Никто не следовал за нами, никто не хотел разделить мою ношу и проводить отца в последний путь. Мы остановились на опушке, недалеко от Лесной стены. Под ногами у нас была жухлая трава, пахло осенью, сыростью. Я кутался в пальто, а отец – он стоял, как есть, в будничной своей рубашке, брюках, с мячом, крепко прижатым к груди, и взглядом, устремленным куда-то далеко, за деревья, к неведомой, но манящей цели. Он не дрожал – холод, казалось, обходил его стороной, холодом был он сам – человек, который вот-вот исчезнет.

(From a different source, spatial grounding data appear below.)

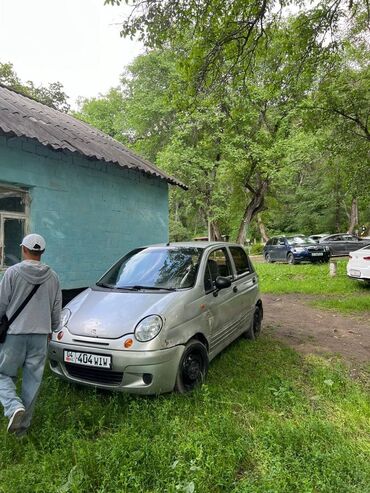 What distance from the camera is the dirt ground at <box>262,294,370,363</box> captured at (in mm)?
5754

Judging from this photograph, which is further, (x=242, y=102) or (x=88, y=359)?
(x=242, y=102)

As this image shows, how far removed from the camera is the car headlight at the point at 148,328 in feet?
11.6

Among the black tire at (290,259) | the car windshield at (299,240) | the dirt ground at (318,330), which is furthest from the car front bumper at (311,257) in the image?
the dirt ground at (318,330)

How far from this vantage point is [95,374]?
3615 mm

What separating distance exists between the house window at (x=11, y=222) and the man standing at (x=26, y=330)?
10.6 feet

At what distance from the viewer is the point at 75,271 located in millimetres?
6992

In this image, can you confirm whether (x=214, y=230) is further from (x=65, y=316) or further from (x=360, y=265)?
(x=65, y=316)

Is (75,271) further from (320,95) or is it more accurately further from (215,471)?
(320,95)

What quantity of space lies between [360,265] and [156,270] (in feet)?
26.5

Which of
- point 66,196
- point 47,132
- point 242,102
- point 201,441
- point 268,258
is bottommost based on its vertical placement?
point 268,258

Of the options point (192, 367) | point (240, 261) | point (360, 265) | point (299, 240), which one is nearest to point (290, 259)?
point (299, 240)

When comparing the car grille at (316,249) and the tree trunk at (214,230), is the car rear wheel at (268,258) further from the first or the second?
the tree trunk at (214,230)

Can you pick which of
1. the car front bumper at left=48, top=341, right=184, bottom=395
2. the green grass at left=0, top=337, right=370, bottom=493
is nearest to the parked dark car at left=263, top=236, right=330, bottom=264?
the green grass at left=0, top=337, right=370, bottom=493

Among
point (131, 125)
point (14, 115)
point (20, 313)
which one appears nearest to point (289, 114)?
point (131, 125) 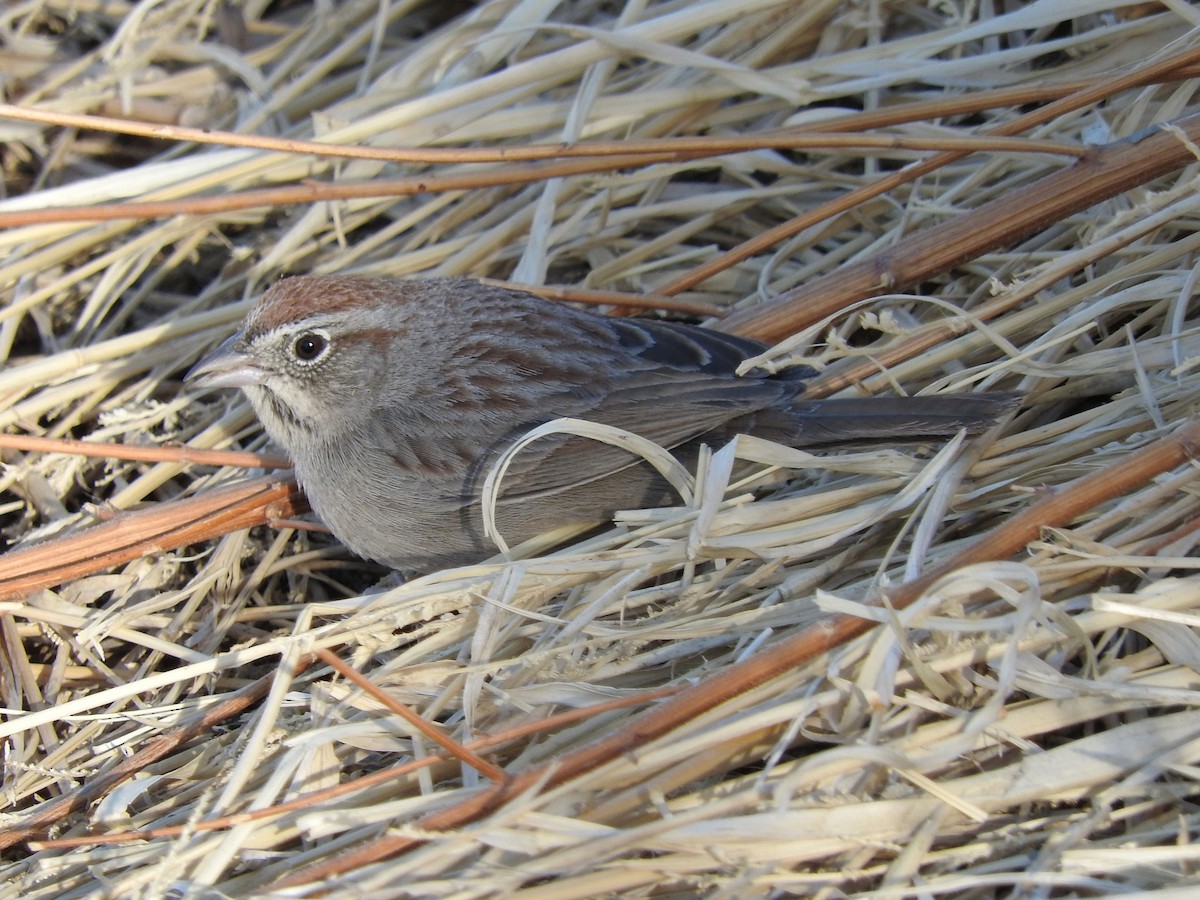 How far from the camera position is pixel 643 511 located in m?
2.93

Минута, и отец тронулся, одолевая последний порог. Только на расстоянии я понял, какой он маленький, как остро торчат под рубашкой его лопатки, как странно и жалко он горбится, обнимая мяч, и мне захотелось окликнуть его, вернуть, сказать: «Оставайся, ничего страшного, мало ли на свете немых, холодных, оставайся, будь со мной, тебе не нужно идти», – но он уже не принадлежал мне и с каждым шагом уходил все дальше, пока не ступил под еловый покров и не окутался белым туманом. Некоторое время я еще различал его силуэт – странно, но он словно бы сделался больше, он словно вырос, мой отец – таким я, наверное, видел его в детстве – высоким, сильным, защитой, горой. Наконец исчез и силуэт. Все кончилось, и я вернулся домой.